───── WORKING DATA
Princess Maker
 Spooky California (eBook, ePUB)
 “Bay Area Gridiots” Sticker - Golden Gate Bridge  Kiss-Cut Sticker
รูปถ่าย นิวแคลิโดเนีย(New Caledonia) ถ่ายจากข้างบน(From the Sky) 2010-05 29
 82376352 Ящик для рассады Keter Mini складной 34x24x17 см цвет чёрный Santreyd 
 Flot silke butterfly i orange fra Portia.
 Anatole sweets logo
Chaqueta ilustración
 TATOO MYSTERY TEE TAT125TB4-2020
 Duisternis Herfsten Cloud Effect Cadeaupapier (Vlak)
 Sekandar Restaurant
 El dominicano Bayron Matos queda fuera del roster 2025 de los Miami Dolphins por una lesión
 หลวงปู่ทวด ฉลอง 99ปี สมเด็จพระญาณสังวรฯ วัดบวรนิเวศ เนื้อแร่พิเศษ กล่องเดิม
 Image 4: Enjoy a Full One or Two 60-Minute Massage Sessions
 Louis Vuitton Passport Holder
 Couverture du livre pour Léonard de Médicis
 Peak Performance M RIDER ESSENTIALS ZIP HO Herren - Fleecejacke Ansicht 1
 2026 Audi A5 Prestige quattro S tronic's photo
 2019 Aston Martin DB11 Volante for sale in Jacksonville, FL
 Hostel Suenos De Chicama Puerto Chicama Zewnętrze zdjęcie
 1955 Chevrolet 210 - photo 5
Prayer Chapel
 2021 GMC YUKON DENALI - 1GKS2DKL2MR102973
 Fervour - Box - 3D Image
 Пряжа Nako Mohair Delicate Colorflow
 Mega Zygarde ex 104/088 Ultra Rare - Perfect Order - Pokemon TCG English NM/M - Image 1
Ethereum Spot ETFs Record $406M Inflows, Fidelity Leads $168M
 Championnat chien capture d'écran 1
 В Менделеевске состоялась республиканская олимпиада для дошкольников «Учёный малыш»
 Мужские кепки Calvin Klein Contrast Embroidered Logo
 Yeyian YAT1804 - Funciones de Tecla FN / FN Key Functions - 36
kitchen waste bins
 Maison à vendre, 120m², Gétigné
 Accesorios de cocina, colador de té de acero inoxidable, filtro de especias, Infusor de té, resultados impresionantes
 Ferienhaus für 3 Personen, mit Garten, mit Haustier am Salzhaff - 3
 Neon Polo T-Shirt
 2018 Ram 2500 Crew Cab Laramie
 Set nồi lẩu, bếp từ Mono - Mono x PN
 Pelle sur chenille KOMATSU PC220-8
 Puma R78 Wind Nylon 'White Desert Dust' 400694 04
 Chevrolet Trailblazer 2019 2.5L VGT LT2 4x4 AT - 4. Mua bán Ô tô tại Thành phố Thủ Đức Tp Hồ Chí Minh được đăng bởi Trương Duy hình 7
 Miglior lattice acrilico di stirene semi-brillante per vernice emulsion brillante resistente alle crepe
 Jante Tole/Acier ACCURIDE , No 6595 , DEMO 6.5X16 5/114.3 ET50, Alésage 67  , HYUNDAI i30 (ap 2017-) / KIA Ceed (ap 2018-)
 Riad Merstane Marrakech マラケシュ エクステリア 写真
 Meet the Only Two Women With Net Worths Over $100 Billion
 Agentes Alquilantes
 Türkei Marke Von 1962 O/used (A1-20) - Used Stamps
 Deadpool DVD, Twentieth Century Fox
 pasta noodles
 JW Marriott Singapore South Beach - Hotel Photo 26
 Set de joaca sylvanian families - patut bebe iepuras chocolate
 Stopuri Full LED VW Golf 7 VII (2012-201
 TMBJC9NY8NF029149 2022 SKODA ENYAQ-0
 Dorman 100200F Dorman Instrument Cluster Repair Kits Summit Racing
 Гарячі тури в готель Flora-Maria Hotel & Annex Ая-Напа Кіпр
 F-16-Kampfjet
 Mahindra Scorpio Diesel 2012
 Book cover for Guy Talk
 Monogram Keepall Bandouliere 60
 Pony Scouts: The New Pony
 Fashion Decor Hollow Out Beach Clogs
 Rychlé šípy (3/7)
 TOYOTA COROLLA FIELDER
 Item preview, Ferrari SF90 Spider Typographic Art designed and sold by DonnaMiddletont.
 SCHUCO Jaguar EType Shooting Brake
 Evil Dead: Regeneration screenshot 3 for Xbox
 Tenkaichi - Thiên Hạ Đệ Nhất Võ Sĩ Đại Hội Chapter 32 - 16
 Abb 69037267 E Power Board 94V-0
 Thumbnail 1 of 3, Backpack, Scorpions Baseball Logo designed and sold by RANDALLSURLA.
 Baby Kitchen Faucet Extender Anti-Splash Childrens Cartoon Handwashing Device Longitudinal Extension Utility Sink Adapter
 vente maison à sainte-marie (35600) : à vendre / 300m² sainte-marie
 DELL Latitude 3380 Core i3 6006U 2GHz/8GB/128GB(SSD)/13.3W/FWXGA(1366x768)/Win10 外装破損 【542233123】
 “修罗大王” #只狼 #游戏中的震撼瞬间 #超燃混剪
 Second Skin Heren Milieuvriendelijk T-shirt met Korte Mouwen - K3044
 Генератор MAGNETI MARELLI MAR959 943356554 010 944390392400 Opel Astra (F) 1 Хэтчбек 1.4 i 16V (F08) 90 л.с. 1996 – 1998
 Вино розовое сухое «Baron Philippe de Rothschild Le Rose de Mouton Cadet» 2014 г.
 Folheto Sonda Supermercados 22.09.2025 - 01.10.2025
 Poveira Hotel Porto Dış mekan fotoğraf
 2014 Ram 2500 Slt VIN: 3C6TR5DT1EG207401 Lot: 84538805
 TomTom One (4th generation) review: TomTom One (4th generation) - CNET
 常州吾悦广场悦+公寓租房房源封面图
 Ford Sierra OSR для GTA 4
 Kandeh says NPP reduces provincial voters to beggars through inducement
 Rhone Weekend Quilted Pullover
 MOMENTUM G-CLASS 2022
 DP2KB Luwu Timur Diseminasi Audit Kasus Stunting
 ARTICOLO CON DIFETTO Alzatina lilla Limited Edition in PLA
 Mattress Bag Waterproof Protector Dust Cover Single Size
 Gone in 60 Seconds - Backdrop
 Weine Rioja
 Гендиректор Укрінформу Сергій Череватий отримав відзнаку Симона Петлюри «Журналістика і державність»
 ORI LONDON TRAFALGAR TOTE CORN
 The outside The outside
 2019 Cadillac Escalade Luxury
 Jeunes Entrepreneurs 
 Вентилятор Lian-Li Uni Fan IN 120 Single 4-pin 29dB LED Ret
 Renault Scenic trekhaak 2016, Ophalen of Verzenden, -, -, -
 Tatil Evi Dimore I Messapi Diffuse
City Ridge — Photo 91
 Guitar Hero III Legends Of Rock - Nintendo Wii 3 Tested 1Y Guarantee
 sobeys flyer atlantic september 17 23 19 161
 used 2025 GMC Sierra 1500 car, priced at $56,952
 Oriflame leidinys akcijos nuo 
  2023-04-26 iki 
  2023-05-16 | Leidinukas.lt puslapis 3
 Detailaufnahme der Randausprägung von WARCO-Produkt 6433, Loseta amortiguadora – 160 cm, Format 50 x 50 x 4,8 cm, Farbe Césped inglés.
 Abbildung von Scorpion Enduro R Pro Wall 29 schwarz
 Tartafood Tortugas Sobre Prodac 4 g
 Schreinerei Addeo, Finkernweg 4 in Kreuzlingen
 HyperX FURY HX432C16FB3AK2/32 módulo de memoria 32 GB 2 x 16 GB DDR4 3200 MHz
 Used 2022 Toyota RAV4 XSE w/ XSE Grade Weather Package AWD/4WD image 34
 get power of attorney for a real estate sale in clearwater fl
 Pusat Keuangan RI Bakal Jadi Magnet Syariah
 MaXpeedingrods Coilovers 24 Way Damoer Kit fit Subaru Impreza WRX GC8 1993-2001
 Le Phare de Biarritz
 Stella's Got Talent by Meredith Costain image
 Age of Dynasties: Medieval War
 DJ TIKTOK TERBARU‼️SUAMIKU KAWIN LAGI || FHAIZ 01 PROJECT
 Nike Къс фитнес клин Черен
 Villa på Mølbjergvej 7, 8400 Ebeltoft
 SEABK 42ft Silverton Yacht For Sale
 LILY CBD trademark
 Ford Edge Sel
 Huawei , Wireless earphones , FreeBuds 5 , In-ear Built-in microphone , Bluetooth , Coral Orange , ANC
──────────
### ASSIGNMENT
Of all the entries above, output exactly the lines between the one holding "Kandeh says NPP" and the one holding "Mattress Bag Waterproof", inclusive.

### SOLUTION TO THIS PROBLEM
 Kandeh says NPP reduces provincial voters to beggars through inducement
 Rhone Weekend Quilted Pullover
 MOMENTUM G-CLASS 2022
 DP2KB Luwu Timur Diseminasi Audit Kasus Stunting
 ARTICOLO CON DIFETTO Alzatina lilla Limited Edition in PLA
 Mattress Bag Waterproof Protector Dust Cover Single Size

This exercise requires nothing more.